--- Available data Enclosed Below ---
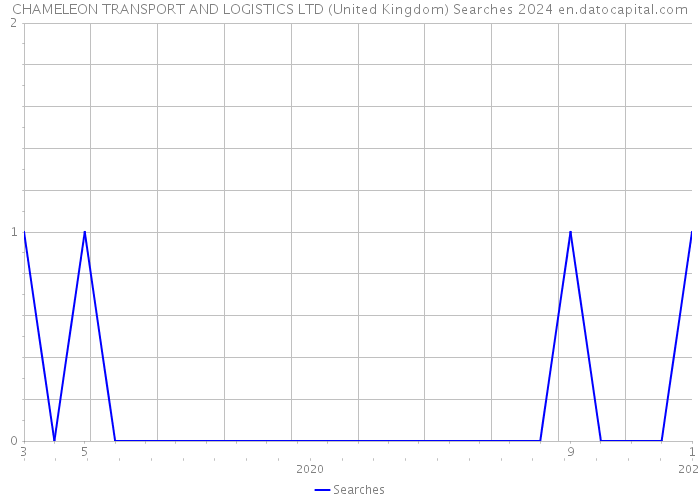 CHAMELEON TRANSPORT AND LOGISTICS LTD (United Kingdom) Searches 2024 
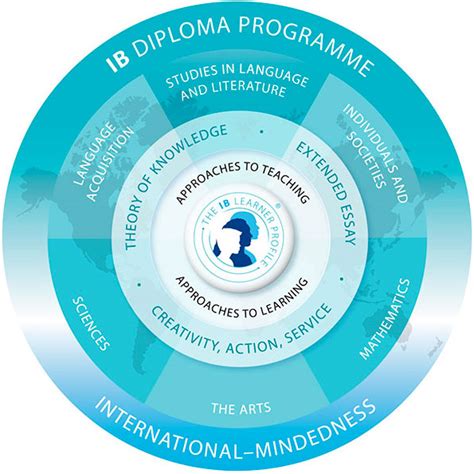 Ib Diploma Programme The Ostrava International School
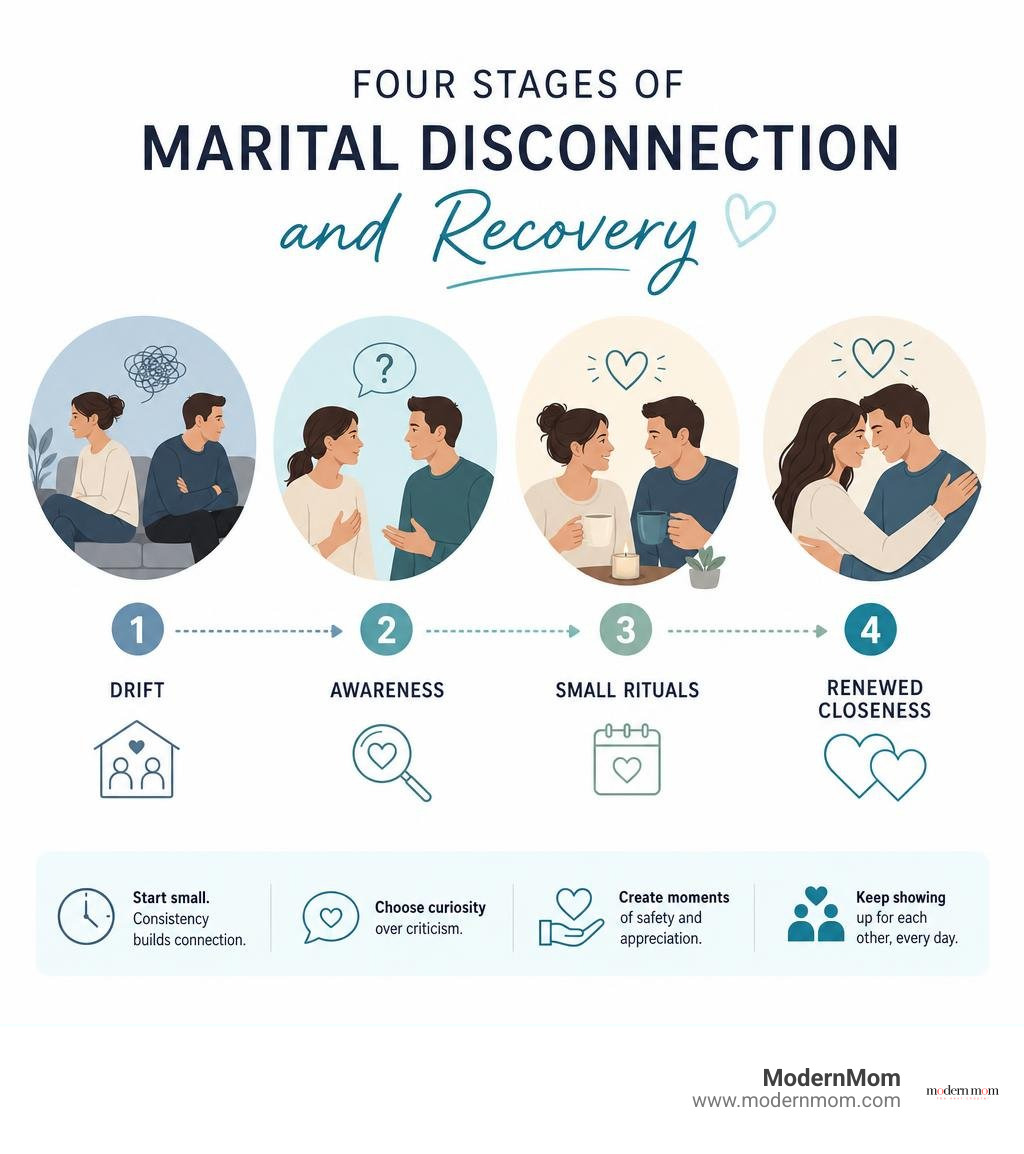 Four stages of marital disconnection and recovery: drift, awareness, small rituals, renewed closeness infographic Four stages of marital disconnection and recovery: drift, awareness, small rituals, renewed closeness infographic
--- End of Enclosed Available data ---
◆ **Work item**: The reply should repeat the listing above exactly and contain no pictures.

◆ **Reply to the task**:
 CHAMELEON TRANSPORT AND LOGISTICS LTD (United Kingdom) Searches 2024 
 Ib Diploma Programme The Ostrava International School
 Four stages of marital disconnection and recovery: drift, awareness, small rituals, renewed closeness infographic Four stages of marital disconnection and recovery: drift, awareness, small rituals, renewed closeness infographic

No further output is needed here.